Because there is little time to give to this kind of thing, I'm posting brief pieces of my autobiography at a time for you to read.  Any comments are welcome.  Today I'm starting with some memories of elementary school days.
Here goes:

Elementary School Grades 1-4

            School recesses introduced me to delights of all kinds, some discomfort, and more discipline surprises.  The front yard of our first-through-fourth-grade school, was good old dirt and gravel.  It was perfect for using a stick to outline the rooms of our houses in which we played together.  One would be the mother, one the father, the others would be the children.  Being a parent allowed me to order everyone about, and although I seldom played that role, I could enjoy it when it was my turn.  Part of “keeping house” was to get a small branch from an evergreen bush and sweep the dirt until there were no rocks showing.  I remember having a sense of determination and delight in whipping that little broom back and forth over the outlined space until another game was announced by one of the more dominant girls.

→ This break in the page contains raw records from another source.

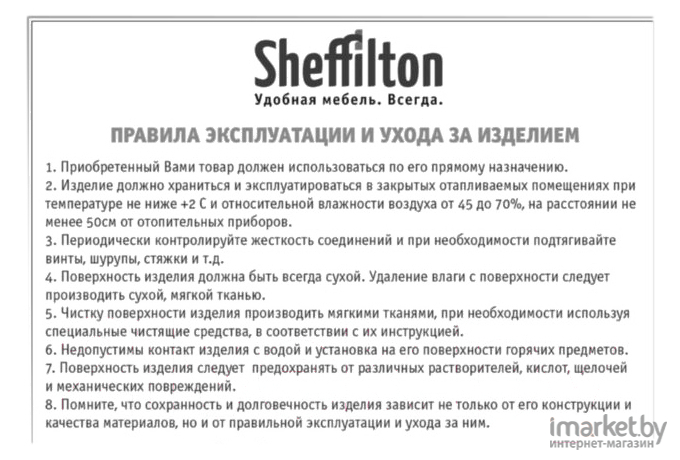 Вешалка Sheffilton SHT-WH21 атланта брашированный [986265]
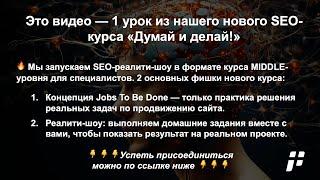  1 урок: оптимизация ключевых SEO-тегов: Title, H1, Description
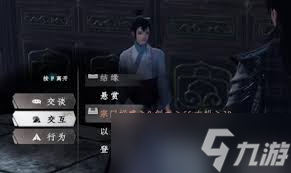 下一站江湖2门派怎么选择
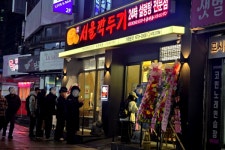 서울깍두기 용인처인구청점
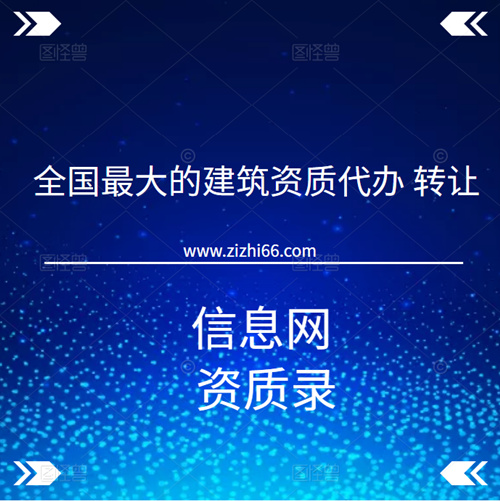 全國最大的建筑資質(zhì)代辦、轉(zhuǎn)讓信息網(wǎng)-資質(zhì)錄。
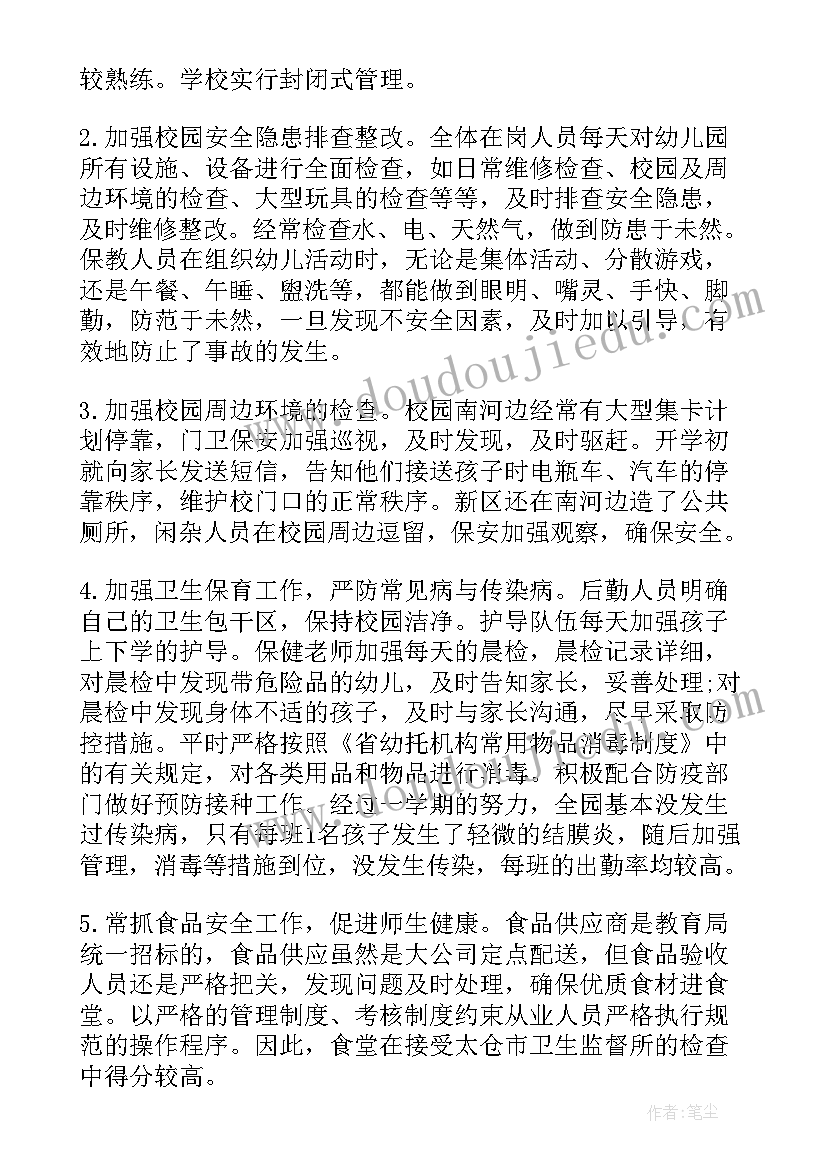 2023年幼儿园春季学期教研组工作总结 幼儿园春季安全工作总结(优秀7篇)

            We might play hide and seek, or “Mother may I?”, or even jacks with its onesies, twosies, and so on.  But the most fun was playing cowboys and horses.  All the girls wore dresses to school, and each dress had a tie belt in the back.  When untied, these belts, one on either side of the dress, made perfect reins, and each boy would select a girl, grab her sashes and boy and girl would race through the grass at the back of the school yelling at the top of their lungs. Larry Taylor, my cursing instructor, and I were always Roy Rogers and Trigger. It was exhilarating to gallop and prance and race for all we were worth.  However, when I arrived home with one or the other piece of belt in my hand, my frazzled mother, home with a baby and toddler, would heave a sigh of disgust and let me hear about my lack of respect for the clothes on my back. 

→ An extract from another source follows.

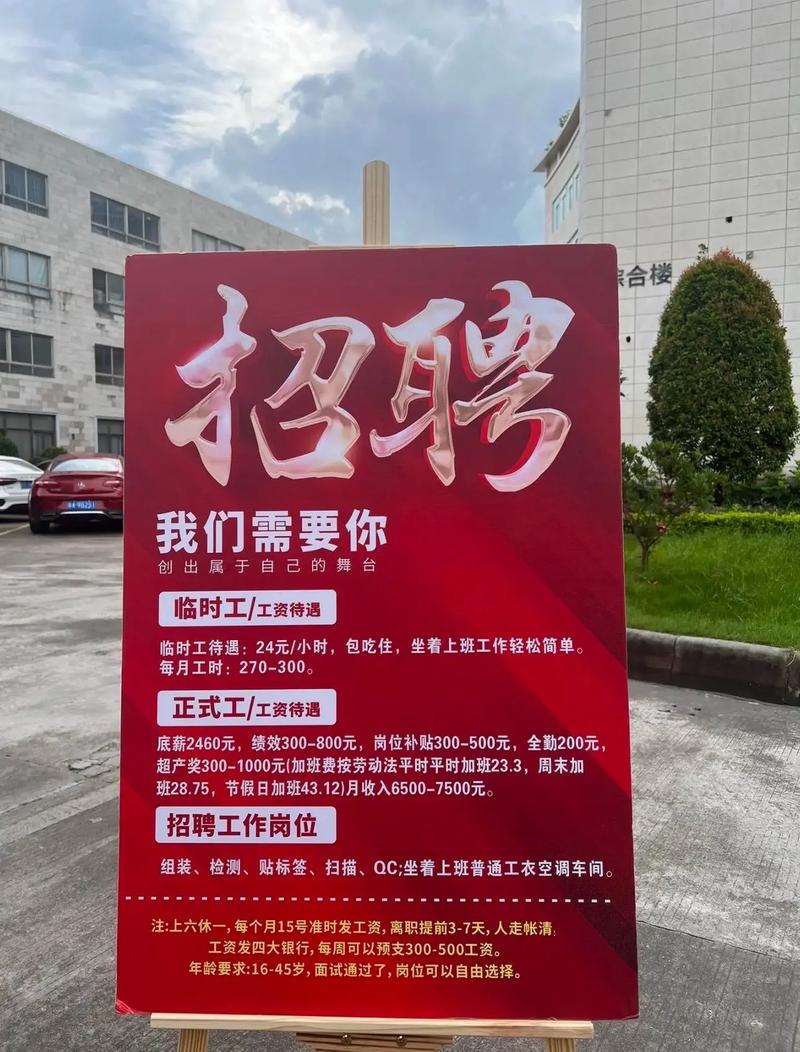 转招公司工作强度大吗？-图1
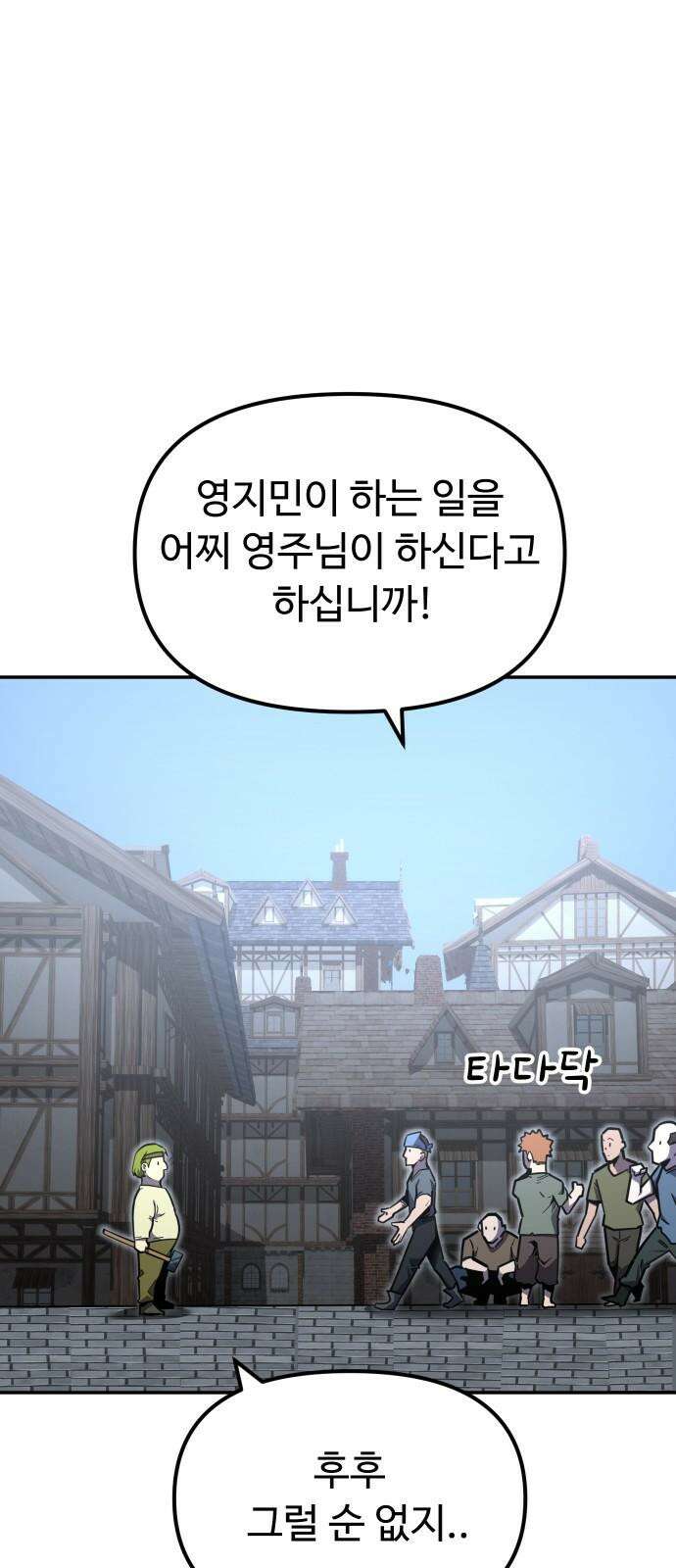 절세미남 망나니 해골 되다 - 29화: 안녕 7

            During one particularly heated game of hide and seek, I went charging up the school stairs to the “free” wall, and for some reason collided head on with it and knocked myself out.  I woke up in the time-out room with a woman pressing a cold, dinner-knife blade against the great lump on my forehead, which of course did nothing to help, but only intensified my pain.  I can only assume she thought the coldness would help reduce the swelling.  Perhaps this was the beginning of my disillusionment with institutions.  Of course I heard about my stupid behavior when I got home, “What were you thinking?”, a really intelligent question that parents are prone to ask.

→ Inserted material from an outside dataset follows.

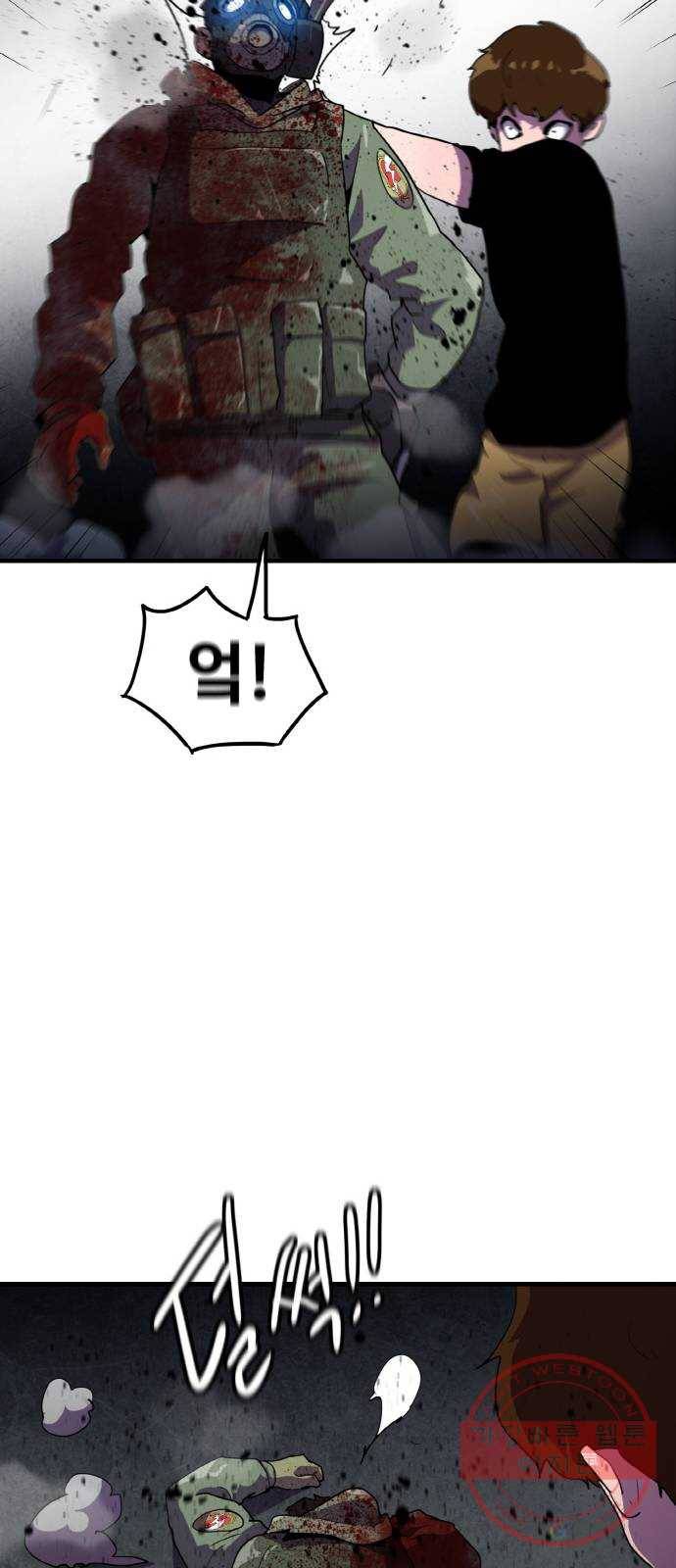 생존로그 40화 35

            “Mother may I?” was a common game, a must in which to participate, but Susan, the very tall girl in my class, one most likely to take the lead,  could pack a whollop that made you think twice about playing.  There was a landing outside the side door of the school with stairs up to it and back down.  Susan would stand on the landing, and each of us would line up at the bottom of the stairs.  Susan would give directives, such as “Hop on one foot.”  The next victim would perform the stated function, and if she remembered first to say, “Mother may I?” Susan would command her to the landing with “You’re my child, get home!” land a painful spank to the rear, the girl ran disappearing quickly down the other side returning to the end of the line for another go at it.  If the expected words were not uttered, the shamed fool was sent around to the back of the line without the spank.  Who was the real fool?